Nutrition Vital for Children

Nutrition Vital for Children

Nutrition plays an important role right from infancy through childhood because it lays down the foundation for a healthy body and mind. Lack of adequate nutrition, skipping breakfast, or a low protein in take in children can affect learning, performance in school and physical health. In the growing years nutrients are used to the maximum and therefore it is essential to take in the right kind of foods. Undernourished children are more likely to catch infections, in addition, healthy eating habits instilled early in childhood are valued life long.



To ensure all dietary needs are fulfilled, one can use the food pyramid as a guideline. The food pyramid remains the same as for adults, except that the food quantities are lower.



And, to ensure healthy growth in children, one must make sure that the child gets the requisite amount of calories as well as nutrients. Calories provide the fuel or the energy necessary for growth. In general, children in this age group require about 1600 to 2000 calories/day. But remember, this is an approximation and the calorie requirement will vary according to the child's weight, rate of growth and the activity level.



Natural foods are always better than supplements since they are rich in many essential nutrients. So make sure you provide a wide variety of foods to your child. It is never too early to emphasise the need for a healthy balanced diet even in children. Avoid junk food since they are filled with calories that have minimal nutrient value and are rich in fat, refined carbohydrates and sugar or salt.

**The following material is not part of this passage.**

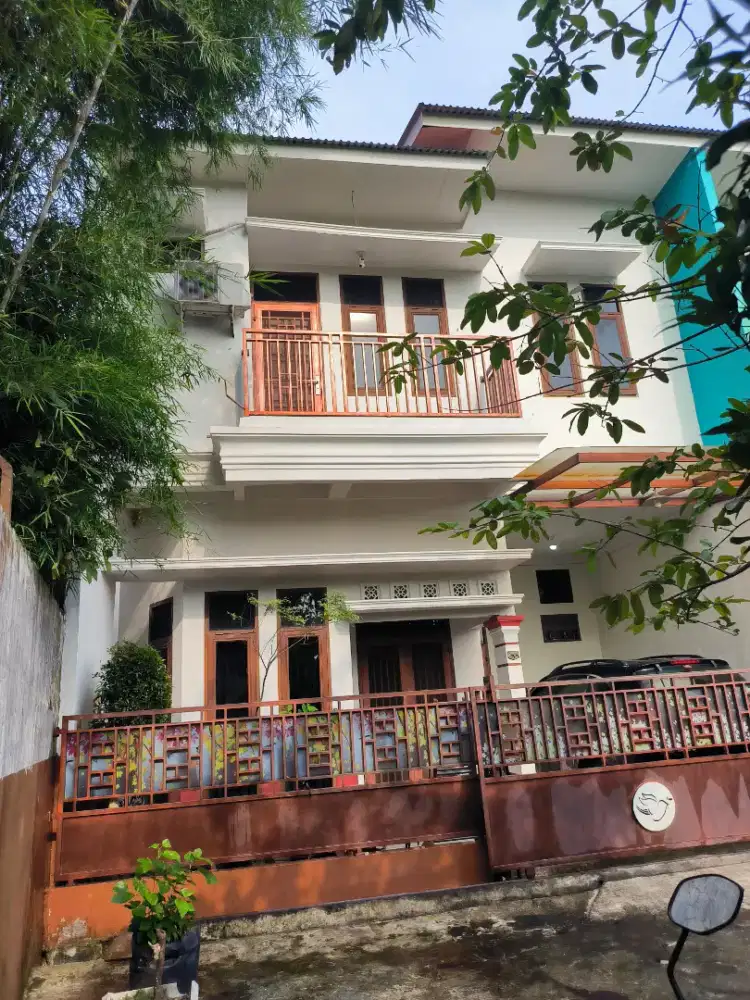 Rumah Ekslusif Hook Lantai 2 Pusat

Fad diet is note advised in children.



Inadequate nutrition can cause deficiencies that can affect learning ability and performance in school. For instance, iron deficiency and anemia can cause fatique, short attention span, and problems in concentrating. Combine good nutrition with sufficient physical activity to ensure healthy growth in children.

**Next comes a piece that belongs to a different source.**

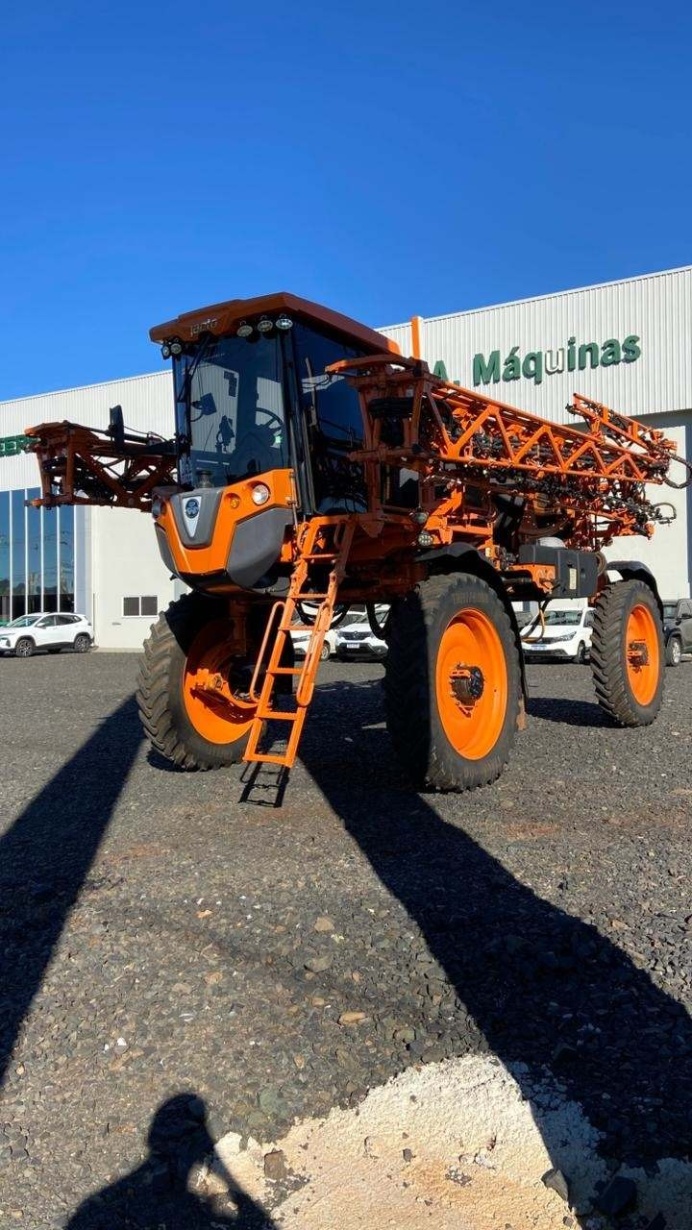 Pulverizador Autopropelido Jacto Uniport 4530 ano 2023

Here's an outline of a good diet for children:




  • Provide calcium, iron, calories and protein in adequate quantities for good health.

  • Average protein required per day is 40g. Also about 400mg of calcium and 25mg of iron are needed per day

  • Ensure a well-balanced diet to get all the vitamins and minerals in the required quantities-approximately 250g cereal grains, 60g of pulses or dals, 500ml of milk or curd, 300g of veggies and 100g of fruit per day would provide a good balance of nutrients.

  • Over-indulgence is as harmful as semi-starvation.

  • Restrict fatty foods (fries, chips, namkeens)

  • Restrict sweets and desserts.

  • Avoid carbonated drinks.

  • Ensure the child never misses breakfast.

  • Three healthy meals and two healthy snacks should be the norm.